Hierarchical Indexing in Pandas Series
- Create multi level indexing in pandas series
- pd.Series(np.random.rand(9), index=[['a','b','c','d','a','b','c','d','a'],[1,2,4,4,5,2,7,8,8]],)
- Access the values
- X['a'] -- using exact index
- X[:, 1] -- using slice
- X['a':'b', 1] -- using slice
- Access Index
- X.index -- return tuple
- Changing multi level indexing to row/col
- X.unstack() -- to row/col representation.
- X.unstack(level = -1) -- first level index will be ROW and second level index will be column
- X.unstack(level=0) - first level index will be Column and second level index will be row
- Changing dataframe to single pandas series
- X.stack() -- to multi level index, row will become 1st level index and column will become second level index.
Hierarchical indexing in Pandas Dataframe
- Create multi level indexing for both row and columns
- X=pd.Series(np.random.rand(9, 6), index=[['a','b','c','d','a','b','c','d','a'],[1,2,4,4,5,2,7,8,8]],
- columns=[["col1","col1","col2","col2","col3","col3"],['c1','c2', 'c3', 'c4', 'c5', 'c6']])

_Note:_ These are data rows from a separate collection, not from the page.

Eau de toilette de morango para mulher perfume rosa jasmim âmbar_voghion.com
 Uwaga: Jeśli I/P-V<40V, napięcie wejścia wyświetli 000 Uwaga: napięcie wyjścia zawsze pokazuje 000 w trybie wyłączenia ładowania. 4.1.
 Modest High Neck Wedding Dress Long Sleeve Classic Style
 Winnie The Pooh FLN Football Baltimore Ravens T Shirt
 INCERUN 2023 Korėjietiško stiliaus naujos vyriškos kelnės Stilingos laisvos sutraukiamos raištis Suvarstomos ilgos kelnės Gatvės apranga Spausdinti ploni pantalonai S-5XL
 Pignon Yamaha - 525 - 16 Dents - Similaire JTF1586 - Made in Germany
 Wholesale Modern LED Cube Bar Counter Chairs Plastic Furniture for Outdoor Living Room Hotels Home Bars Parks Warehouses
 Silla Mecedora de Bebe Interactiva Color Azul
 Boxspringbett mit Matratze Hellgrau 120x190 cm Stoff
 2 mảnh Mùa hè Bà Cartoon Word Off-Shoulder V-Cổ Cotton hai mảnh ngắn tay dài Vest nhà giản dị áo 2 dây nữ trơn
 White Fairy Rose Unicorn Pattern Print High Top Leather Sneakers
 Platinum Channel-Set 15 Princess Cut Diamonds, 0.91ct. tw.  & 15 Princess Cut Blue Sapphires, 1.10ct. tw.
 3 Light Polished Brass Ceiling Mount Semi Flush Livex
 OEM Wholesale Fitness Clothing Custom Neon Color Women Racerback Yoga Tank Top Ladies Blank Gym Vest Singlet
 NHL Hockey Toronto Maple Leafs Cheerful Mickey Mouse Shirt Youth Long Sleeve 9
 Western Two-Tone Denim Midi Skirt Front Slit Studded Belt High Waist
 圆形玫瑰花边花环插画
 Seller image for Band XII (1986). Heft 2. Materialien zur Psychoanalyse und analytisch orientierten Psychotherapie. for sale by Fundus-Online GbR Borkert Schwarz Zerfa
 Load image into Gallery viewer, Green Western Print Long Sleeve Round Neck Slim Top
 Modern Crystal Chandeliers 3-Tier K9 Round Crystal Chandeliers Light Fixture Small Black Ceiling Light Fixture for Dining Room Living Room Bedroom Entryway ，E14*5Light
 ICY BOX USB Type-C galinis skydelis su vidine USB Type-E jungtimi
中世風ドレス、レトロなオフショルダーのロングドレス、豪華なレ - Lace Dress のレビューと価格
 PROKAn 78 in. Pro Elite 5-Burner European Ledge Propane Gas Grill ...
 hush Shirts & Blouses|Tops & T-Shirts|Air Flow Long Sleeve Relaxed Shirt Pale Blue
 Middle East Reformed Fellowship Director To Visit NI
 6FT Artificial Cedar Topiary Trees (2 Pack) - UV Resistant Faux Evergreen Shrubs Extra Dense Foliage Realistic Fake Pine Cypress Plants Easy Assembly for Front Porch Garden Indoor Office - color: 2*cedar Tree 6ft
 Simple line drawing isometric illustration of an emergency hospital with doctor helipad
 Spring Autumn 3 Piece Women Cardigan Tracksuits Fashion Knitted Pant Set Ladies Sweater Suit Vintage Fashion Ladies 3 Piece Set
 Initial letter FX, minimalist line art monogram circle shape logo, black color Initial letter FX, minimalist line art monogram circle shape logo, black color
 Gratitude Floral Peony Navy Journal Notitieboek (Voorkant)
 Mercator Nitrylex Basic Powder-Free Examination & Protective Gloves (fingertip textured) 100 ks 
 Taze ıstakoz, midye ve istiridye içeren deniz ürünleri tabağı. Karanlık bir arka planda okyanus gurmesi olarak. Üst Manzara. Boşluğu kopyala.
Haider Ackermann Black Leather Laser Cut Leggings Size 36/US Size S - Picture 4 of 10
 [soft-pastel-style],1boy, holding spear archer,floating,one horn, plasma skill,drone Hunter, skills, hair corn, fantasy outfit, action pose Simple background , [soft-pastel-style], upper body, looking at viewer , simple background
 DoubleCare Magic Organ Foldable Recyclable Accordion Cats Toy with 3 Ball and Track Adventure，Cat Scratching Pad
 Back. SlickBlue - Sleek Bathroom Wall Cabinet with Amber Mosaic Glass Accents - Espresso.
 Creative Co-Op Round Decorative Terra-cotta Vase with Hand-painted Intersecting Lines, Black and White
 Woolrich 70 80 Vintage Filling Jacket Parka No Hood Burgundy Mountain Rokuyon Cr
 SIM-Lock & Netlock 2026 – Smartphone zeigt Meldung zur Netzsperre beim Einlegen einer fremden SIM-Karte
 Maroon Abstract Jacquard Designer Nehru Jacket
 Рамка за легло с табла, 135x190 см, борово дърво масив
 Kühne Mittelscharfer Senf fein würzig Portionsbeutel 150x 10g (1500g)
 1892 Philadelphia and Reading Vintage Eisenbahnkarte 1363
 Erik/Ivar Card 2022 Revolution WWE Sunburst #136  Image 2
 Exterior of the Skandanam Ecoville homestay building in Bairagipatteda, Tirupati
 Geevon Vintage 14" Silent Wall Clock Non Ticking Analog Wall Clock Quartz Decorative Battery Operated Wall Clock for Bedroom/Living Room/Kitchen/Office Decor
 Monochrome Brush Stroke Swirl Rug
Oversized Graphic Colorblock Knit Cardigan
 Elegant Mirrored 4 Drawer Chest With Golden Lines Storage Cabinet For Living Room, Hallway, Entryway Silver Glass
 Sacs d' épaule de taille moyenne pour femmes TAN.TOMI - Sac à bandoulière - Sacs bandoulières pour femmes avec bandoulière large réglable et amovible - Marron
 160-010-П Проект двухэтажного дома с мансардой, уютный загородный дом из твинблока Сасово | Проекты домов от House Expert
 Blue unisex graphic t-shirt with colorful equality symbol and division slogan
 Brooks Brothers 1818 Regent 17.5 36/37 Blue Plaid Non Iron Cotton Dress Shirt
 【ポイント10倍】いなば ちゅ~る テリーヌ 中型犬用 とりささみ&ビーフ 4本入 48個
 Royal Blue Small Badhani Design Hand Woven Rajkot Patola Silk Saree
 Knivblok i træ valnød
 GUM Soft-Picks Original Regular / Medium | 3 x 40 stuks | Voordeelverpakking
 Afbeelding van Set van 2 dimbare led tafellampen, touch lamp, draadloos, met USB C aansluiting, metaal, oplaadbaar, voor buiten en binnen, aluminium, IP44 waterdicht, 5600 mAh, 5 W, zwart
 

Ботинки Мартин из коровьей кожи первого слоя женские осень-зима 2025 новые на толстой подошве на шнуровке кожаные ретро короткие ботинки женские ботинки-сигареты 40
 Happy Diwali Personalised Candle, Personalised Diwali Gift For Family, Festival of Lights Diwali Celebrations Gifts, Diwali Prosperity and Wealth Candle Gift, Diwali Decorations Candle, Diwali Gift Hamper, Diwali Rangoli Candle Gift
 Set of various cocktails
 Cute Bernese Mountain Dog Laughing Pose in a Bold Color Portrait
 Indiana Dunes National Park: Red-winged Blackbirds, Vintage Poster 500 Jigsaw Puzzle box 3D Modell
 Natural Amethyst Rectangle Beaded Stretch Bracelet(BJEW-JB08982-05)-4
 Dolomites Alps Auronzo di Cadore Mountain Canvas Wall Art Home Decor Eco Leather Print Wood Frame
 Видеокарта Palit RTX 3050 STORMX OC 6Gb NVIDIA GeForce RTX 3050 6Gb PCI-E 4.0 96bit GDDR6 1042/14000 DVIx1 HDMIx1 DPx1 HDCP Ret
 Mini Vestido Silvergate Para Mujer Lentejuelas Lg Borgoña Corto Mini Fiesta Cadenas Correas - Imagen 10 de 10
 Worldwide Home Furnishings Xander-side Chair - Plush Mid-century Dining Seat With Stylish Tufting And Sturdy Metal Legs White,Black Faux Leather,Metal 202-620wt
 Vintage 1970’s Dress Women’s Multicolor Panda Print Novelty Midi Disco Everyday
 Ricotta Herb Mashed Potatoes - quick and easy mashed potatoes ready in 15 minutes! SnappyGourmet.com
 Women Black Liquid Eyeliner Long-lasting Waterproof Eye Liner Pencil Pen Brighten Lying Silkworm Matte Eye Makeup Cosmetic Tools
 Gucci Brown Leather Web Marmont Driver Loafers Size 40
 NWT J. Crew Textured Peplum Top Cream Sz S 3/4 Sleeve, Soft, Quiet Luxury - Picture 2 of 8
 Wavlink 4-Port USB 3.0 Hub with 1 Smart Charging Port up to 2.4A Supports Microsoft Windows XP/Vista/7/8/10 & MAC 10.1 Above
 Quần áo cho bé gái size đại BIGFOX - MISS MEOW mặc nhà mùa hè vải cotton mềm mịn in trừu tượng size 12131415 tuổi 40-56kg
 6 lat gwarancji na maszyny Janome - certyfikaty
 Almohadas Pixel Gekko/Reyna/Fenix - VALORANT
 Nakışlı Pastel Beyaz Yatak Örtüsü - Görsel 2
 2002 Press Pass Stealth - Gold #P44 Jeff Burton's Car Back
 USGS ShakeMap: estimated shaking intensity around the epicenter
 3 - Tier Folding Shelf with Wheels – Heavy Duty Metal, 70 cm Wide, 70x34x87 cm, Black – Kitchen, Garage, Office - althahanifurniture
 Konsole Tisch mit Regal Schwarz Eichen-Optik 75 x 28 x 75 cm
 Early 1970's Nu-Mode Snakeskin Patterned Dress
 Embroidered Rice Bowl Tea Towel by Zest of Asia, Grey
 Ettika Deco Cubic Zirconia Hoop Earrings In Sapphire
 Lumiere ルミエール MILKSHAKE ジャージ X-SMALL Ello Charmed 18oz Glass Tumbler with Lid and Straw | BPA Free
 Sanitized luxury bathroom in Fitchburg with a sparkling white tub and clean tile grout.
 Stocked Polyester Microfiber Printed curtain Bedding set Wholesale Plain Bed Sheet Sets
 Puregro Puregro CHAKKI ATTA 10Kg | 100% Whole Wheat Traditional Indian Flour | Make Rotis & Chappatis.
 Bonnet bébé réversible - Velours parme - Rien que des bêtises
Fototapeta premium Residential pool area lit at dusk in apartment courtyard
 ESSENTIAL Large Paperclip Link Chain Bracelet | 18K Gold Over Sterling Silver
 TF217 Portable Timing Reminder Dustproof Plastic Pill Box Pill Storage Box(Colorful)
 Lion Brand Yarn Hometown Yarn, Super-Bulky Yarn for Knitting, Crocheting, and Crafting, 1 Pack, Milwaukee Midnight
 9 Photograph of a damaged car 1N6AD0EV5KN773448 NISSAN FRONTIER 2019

- Access name of rows and columns
- X.index.names
- X.columns.name
- Access row/column values
- X.loc[["row1"],[["col1", "col2"]]]
Swap multilevel index
- X1.swap_level(['Row", "Row2"]) -- Row1 and Row2 will interchange.
Sort index
- X1.sort_index(level=0)
- X1.sort_index(level=1)
Aggregation of data
- X1.sum(level = 'Row1') -- Summation for Row1
- X1.sum(level - 'Row2')
- X1.sum(level = "ColName1", axis =1) -- Summation for Colname1
- X1.sum(level = "ColName2", axis =1)
Changing column to index
- X.set_index(['b', 'a'])
- X.set_index(['b', 'a'], drop=False)
Change index to column
- X.reset_index()
Merging data sources
If have common column - INNER JOIN
- pd.merge(df1, df2 ) -- should have common column and other column are arranges as seperate column. (OR)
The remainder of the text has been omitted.